My niece's wild doeling was quickly named Trouble for all her shenanigans and the trials and tribulations she put me through. Trouble quickly became the herd boss and is now a total love bug just like her brother.


----------



## loggyacreslivestock (Mar 5, 2013)

This is our first year with market goats. My son has a wether that is one of our triplets (first kids we ever had). He will be shown next week at our fair, then sold for meat. I have already been crying in anticipation. I have shown cattle, and sheep, never had this happen before. These little boogers really get under your skin


----------



## TrinityRanch (Mar 26, 2013)

I'm with LoggyAcres. It really sucks to raise a little guy for 5 months, doing all the feeding, watering, training, love & care, and then watching him scream for you while you leave him at the fair. Every year, while I am kissing their faces, I don't think I will be able to leave them. But I do, and I know they are filling their purposes by providing food for our country.

It isn't too hard for me when I sell pets or dairy goats, because they go to great homes, and the one-on-one connection isn't there. They are the business, while my market goat becomes my partner in crime.


----------



## fd123 (May 29, 2012)

I couldn't do it....Theres NO WAY....


----------



## OutdoorDreamer (Mar 29, 2012)

Market goats would be so hard for me. I don't think I could do it either.
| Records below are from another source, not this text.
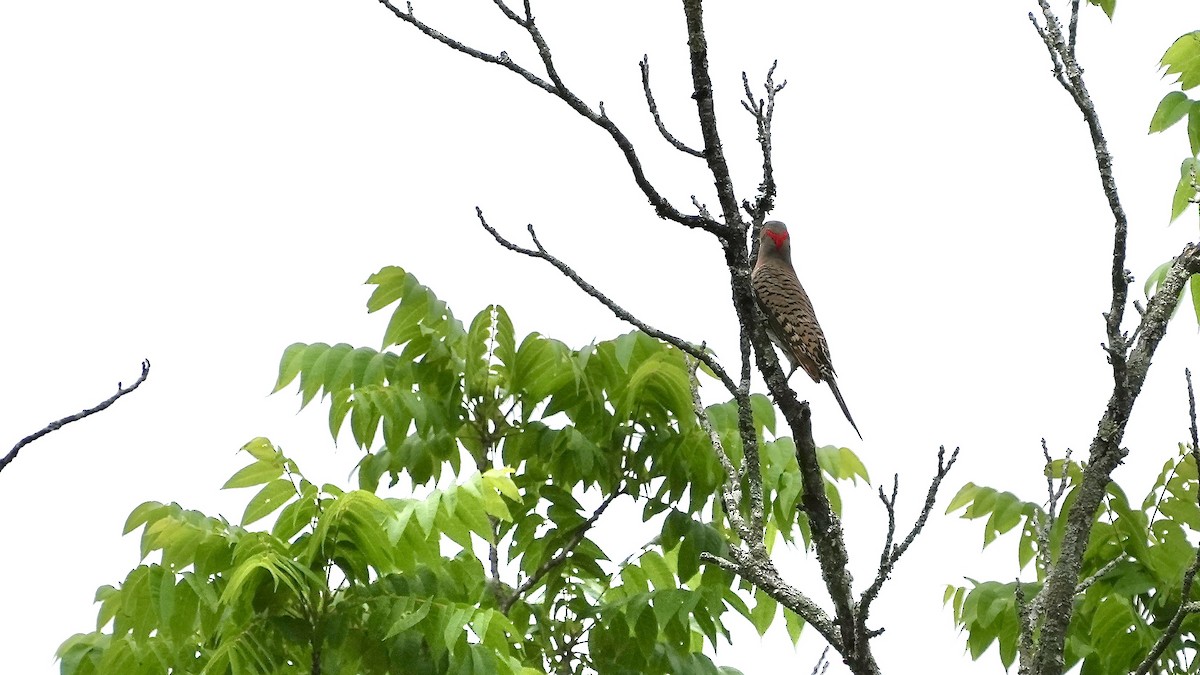 Northern Flicker - ML620195445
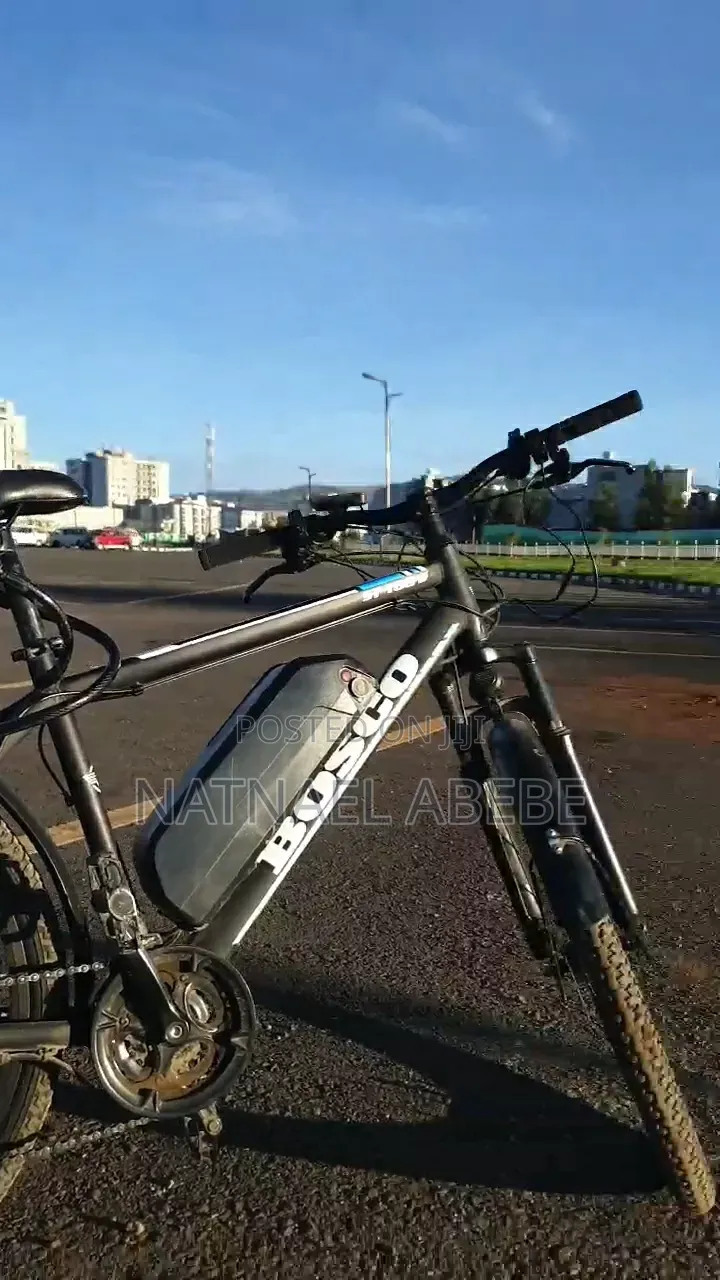 Bosco Ebike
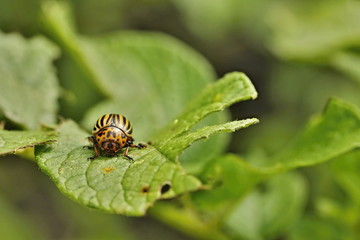 Colorado potato beetle (Leptinotarsa decemlineata)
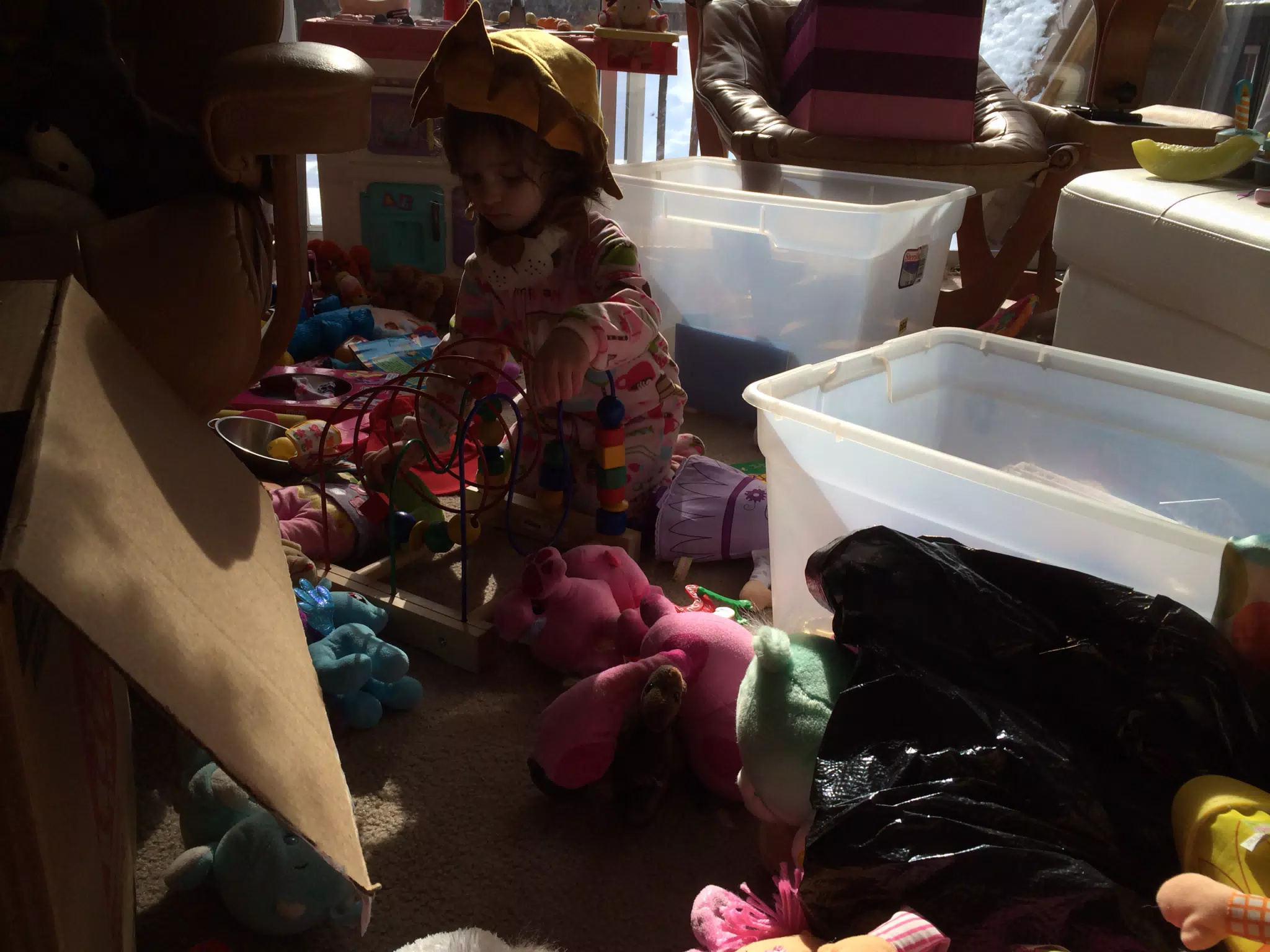 Lion Unpacking Toys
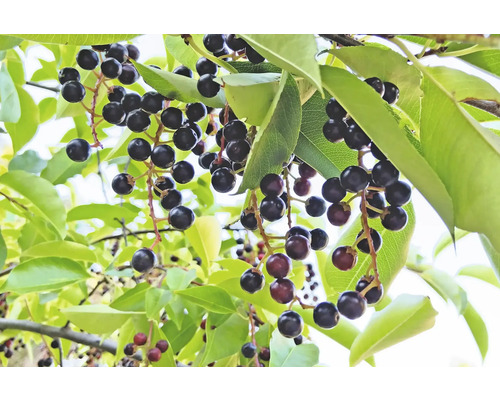 Klasar av häggmispel med blad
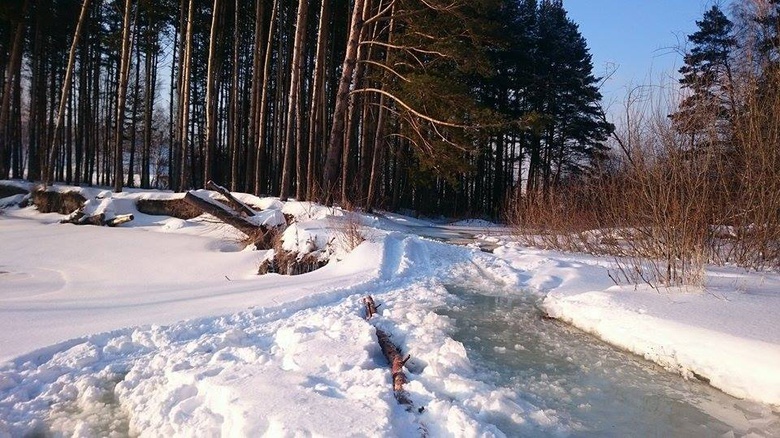 «Томскводоканал» устранит утечку в лесу Академгородка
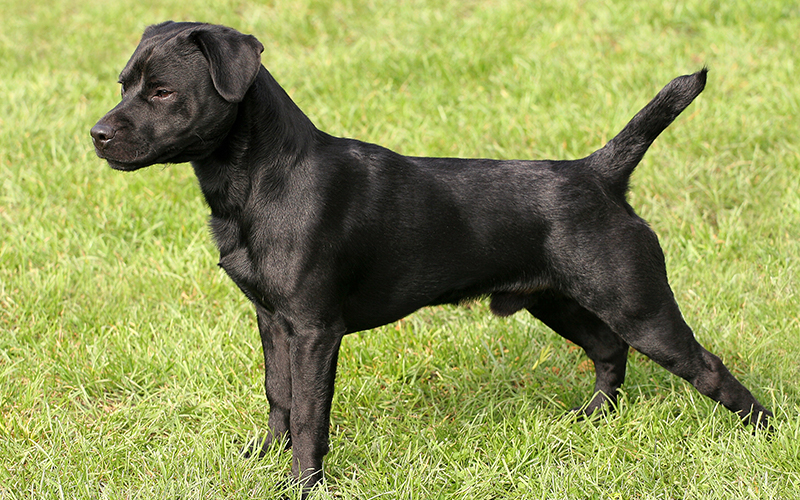 patterdale terrier soft toy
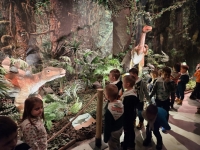 20231206_135918-kopiowanie-jpg1706635540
I got a happy update from the new owners of the goats I sold. They sent me pictures of them enjoying their new home, with all the brush and browse. I feel a lot better now. Love to hear about how new goat owners are enjoying their animals.


----------



## luvmyherd (Apr 9, 2011)

Yep, selling them makes me sadder than when we eat them ourselves. We do our best to find good homes but we also know they may be used for meat. When we butcher them ourselves we know they were given a good life and a humane send off.


----------



## OakHollowRanch (Jun 6, 2013)

I cried when we sold Cookie, the first goat I have ever sold. I know she went to a great 4-H family, but I had such a hard time deciding to sell her in the first place. She was my bottle baby, and she cried for me constantly. I was also sad to see Nutmeg, her brother, go. I didn't cry though, because I knew he would most likely have to go to an auction if they didn't buy him. I was a nervous wreck when his new owner did not reply to my emails for 2 weeks. However, yesterday she sent me pictures of him playing with his new friends and asked a question about his papers. That made feel much better.


----------



## MsScamp (Feb 1, 2010)

After we had unloaded the first bunch of wethers I took to the sale barn I went to find them and make sure they had hay and water. I found them, alright, they were huddled up together scared, confused, and totally bewildered as to what was happening. I called one of their names and they all came rushing over to me. I won't lie to you - I was close to 50 years old at that time, and I stood in that alley way at that sale barn and cried like a baby, all the while petting and talking to that bunch of goats. That was the only bunch of wethers that I named, too. It is never easy shipping my goats - especially the kids, but the reality is that I cannot keep and feed all of them, and they are serving an important need.


----------



## HFWestern (Jun 23, 2013)

I couldn't let go my goats for food. Nope not me. I love everyone of them. It was so hard to let go of one of my kids. But she has a wonderful home and I can see her anytime. She also still remembers me. The people who have her spend a lot of time with her and they even have another female goat who took Gretchin under her wing. Now she is spoiled and living a wonderful life. But the best part? I get to see her still.


----------



## ThreeHavens (Oct 20, 2011)

Yes, it's hard. Hard to sell, but harder to harvest, IMO. The whole reason I harvest in the first place is because I love them SO much. I don't want to have to let them go to a less-than-idea home, just because I don't have room for everyone. Leaving them there is HARD, but I know they had a great, great life and only one bad day. I'm protecting them.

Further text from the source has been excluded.